Aberdeen OKs transportation district, may ask voters for tax hike to fix roads

The Aberdeen City Council created a Transportation Benefit District on Wednesday, which seems likely to lead the city to ask voters to approve a sales tax increase for the purpose of fixing streets.

Aberdeen City Councilman Tim Alstrom said the council will in no way impose a tax on the people without voter support. A separate resolution would need to be approved to get the measure on the ballot. Alstrom has floated February as a possible date for an election.

The council could ask for a sales tax hike as high as two-tenths of 1 percent, bringing the city’s sales tax to 8.6 percent. An earlier plan would have raised the sales tax by 0.13 percent to 8.53 percent, and that plan is still a possibility. Those details still need to be worked out.
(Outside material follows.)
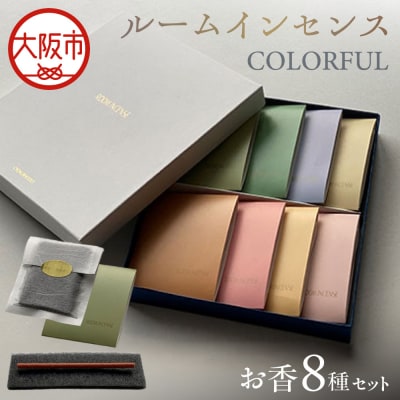 【商店街逸品】ルームインセンス COLORFUL お香 8種類 詰め合わせ マット付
The measure passed on a 7-3 vote with Council members Alice Phelps. Kathi Hoder and John Erak voting against the measure. Council members Alstrom, Jeff Cook, Doug Paling, John Smith, Margo Shortt, Pete Schave, and Jerry Mills voted for the measure. Councilman James Cook was absent and Councilman Frank Gordon abstained. City Councilwoman Alice Phelps says that if the voters approve a sales tax, the city of Aberdeen would have the highest sales tax rate in all of Grays Harbor and those few dollars difference could make residents leave the city to buy cars elsewhere.

Alstrom noted that Olympia had an 8.7 percent sales tax already.

Hoder said she couldn’t support the measure because it’s possible the city could increase utility rates later this year. She didn’t want to anger voters by hurting their pocket books even more.

“For the best interest of Aberdeen, this is the way to go,” Councilman Jeff Cook said, pointing to 8th Street near his house, where large cracks in the road can be seen and grass is actually growing in the cracks.

“Maybe we need a sign at the entrance of the city that says ‘Drive at your own risk in Aberdeen,’” Hoder said.

Councilman Gordon said he abstained because he believes the proper fix for roads is a regionwide approach starting with Grays Harbor County. Gordon, who is running for county commissioner, pledged to make the issue a priority should he win.

Gordon is facing retired PUD worker Allan Shores in the November election.